After saying yes to Vanessa, Mr. Glynn had an idea: to have all his students create digital journals. He linked those journals on his web page. Now, he and his students are able to get ideas from each other and engage in daily on-line conversations about their journals during the assignment, instead of having only Mr. Glynn read and give comments at the end.
Mr. Glynn reports that students were enthusiastic about the digital process. They created their digital journals using google sites and wiki spaces, exactly the same platform used by the ePortfolio’s participants.
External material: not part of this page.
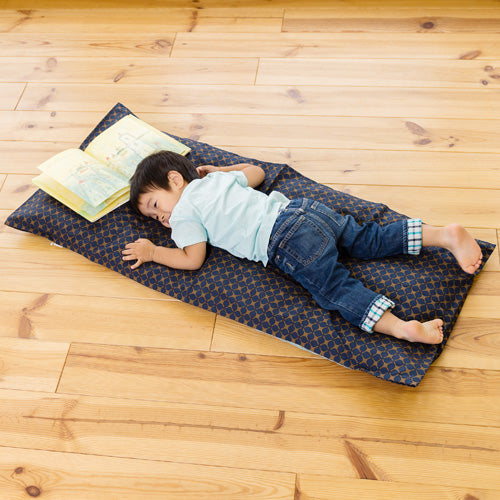 ごろ寝キッズ|洛中高岡屋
Mr. Glynn admits that he is not the most digitally active teacher at Somerville High School, but he was pleased with the results. Here is what he told us about his experience:
“This is great, this is so much easier [for me] than paper. And it’s alive, it’s sort of a living thing that they can keep changing and adding to. . . “
“it is something that is already on display as it is being created. . It is not only a conversation between a student and me. I have the kids. . .linked all on my page so they can look at each other’s journal entries. It makes it a bit more open forum and. . .more discussion can come from that and that is a good thing.”
There is much that can be observed as significant in this story. What Mr. Glynn told us mirrors a OneVille belief: that making communication about learning more possible among students and between students and teachers can increase student success.
Vanessa found the process of making an ePortfolio important enough for her learning to request that a teacher allow her to use it in everyday assignments. The actions of Mr. Glynn and Vanessa indicate their belief in the legitimacy of ePortfolios in education, as well as a belief in their own power and agency to initiate using ePortfolios skillfully to increase learning.
The story also highlights the possibility that ePortfolio practice can be “incorporated from below” in a school — gradually be developed as part of everyday classroom practice by teachers and students — rather than “scaled up whole from above.” Introducing ePortfolios gradually into classroom practice over time could possibly have an innovative and positive influence on school learning culture.
Finally and perhaps most significantly, this story highlights the importance of considering students and teachers seriously as sources of education innovation. In fact, the ePortfolio participatory research design was based on our belief that students’ and teachers’ contributions to OneVille’s research and education reform efforts in Somerville are so significant that they should be paid for their participation.